J.M. Smucker reported revenue of $1.82 billion in Q1 FY17, down 7% from $1.95 billion in Q1 FY16. Analysts had projected sales of $1.89 billion. The drop in sales was attributed to the divestiture of Smucker’s canned milk business, increased competition in the pet food segment, and, lower prices. Excluding the divested business and foreign exchange impact, net sales dropped 5%. Unfavorable volume/mix, driven by the U.S. Retail Pet Foods segment, also contributed to lower net sales. This is the company’s first revenue decline in six quarters.
Segment Analysis
During Q1 FY17, J.M. Smucker’s U.S. Retail Coffee segment reported a decline of 9.0% in sales to $513.3 million from $565 million a year earlier. This was attributable to the impact of two 6% list price declines since the beginning of FY16. Favorable volume/mix for the Folgers® and Café Bustelo® brands was offset by declines for Dunkin’ Donuts® K-Cup® pods, which were anticipated following the successful introduction of the product line at the beginning of fiscal 2016.
J.M. Smucker’s U.S. Retail Consumer Foods reported an 8% drop in sales to $537.0 million due to the divested U.S. canned milk business. Excluding the impact of the divestiture, net sales decreased 2%. Volume/mix was flat with the prior-year quarter as contributions from the R.W. Knudsen Family and Sahale Snacks brands were offset by a decrease for the Smucker’s brand.

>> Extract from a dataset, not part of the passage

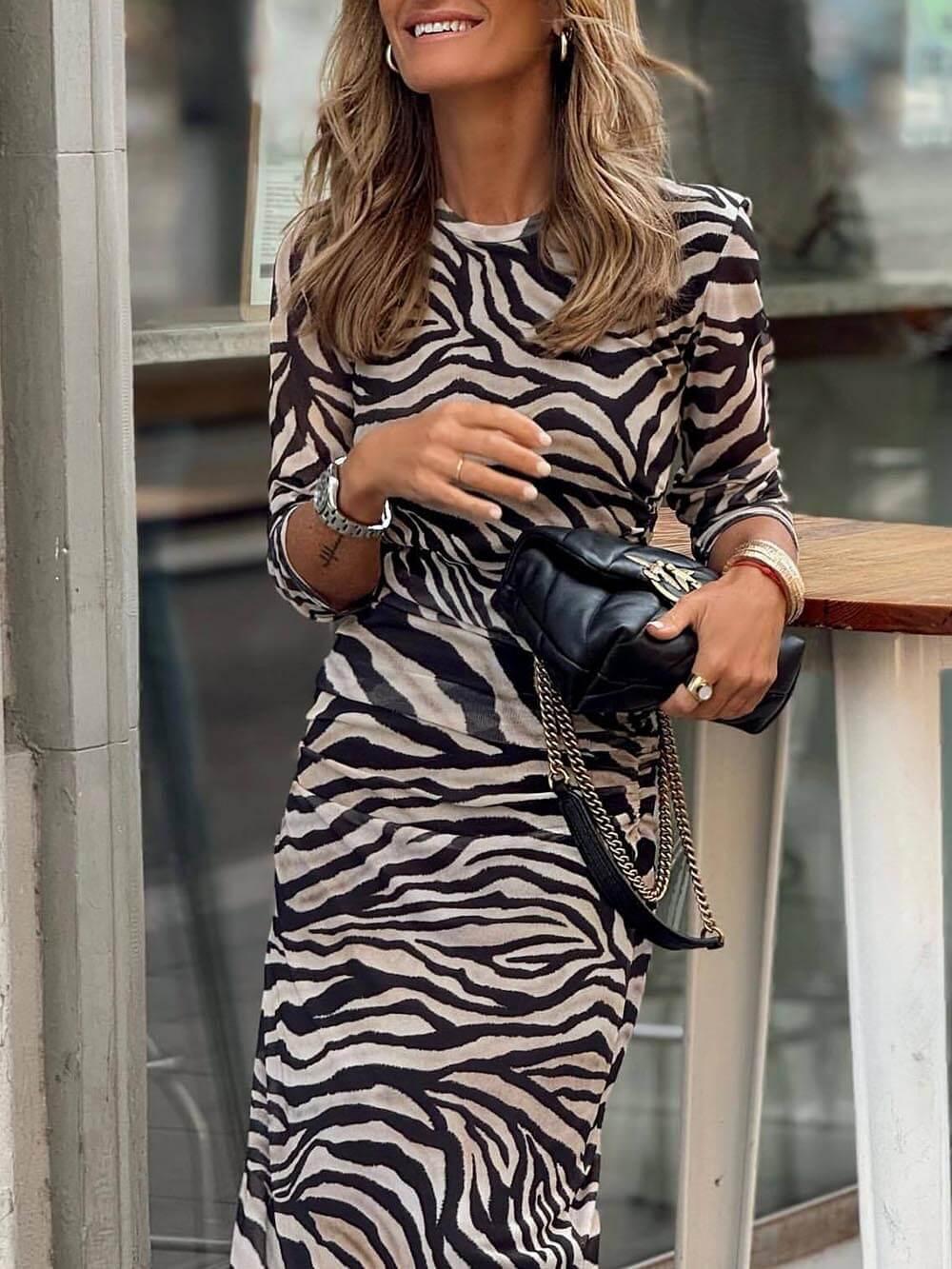 Aurohaya Unique Zebra Print Stretch Slim Maxi Dress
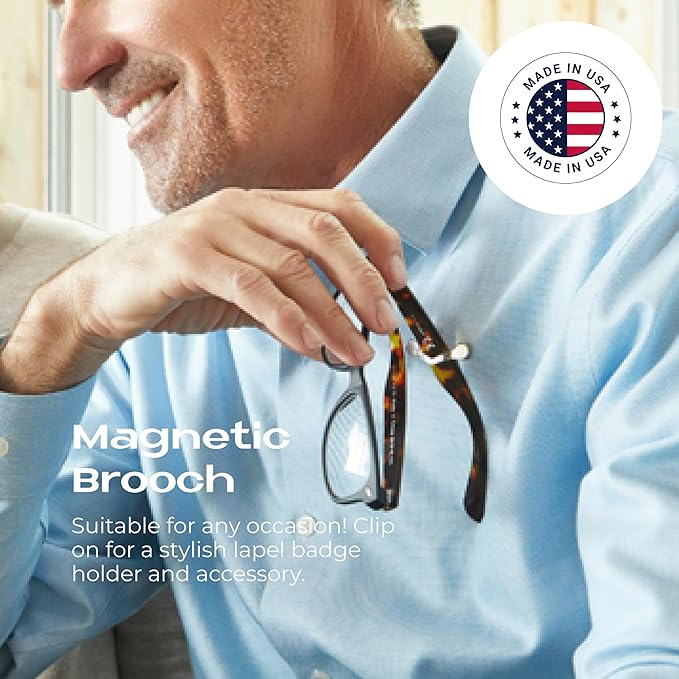 Readerest Magnetic Glasses Holder (3 Pack), Magnet Clip for Readers, Sunglasses & Work Badges for Men & Women, USA Made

Sales in the company’s pet food line slumped 6% to $519.5 million due to unfavorable volume/mix which impacted nets sales by 5%. Unfavorable volume was due to Kibbles ‘n Bits and Meow Mix mainstream pet food, and the Natural Balance brand. A slight decline in net price realization also contributed to the decrease in net sales. The company acquired Big Heart Pet Brands, makers of Meow Mix cat food and Milk-Bone dog treats, for $3.2 billion in March 2015. Sales from that business declined last quarter, with consumer moving to premium brands that are considered as healthier options for dogs and cats. Sales of Premium dog-food has soared 45% to $10.5 billion in the past six years, according to Euromonitor International. Net sales in the International and Foodservice segment fell 3% from Q1 FY16 to $246.0 million, due to lower net price realization, currency headwinds, and the divested U.S. canned milk business.
Outlook
J.M. Smucker reiterated its FY17 earnings guidance which was in the range of $7.60 per share to $7.75 per share. However, management expects net sales to decline in the range of 2% to 3% compared to FY16. The decline in sales expectation is due to reduced net sales forecast for U.S. Retail Pet Foods.
Stock Performance
At the close of trading session on August 25, 2016, J.M. Smucker’s shares were down 0.91%, ending the day at $140.99, with a total volume of 1.32 million shares traded. The company’s stock price has gained 16.07% since the beginning of the year and 31.93% in the last twelve months.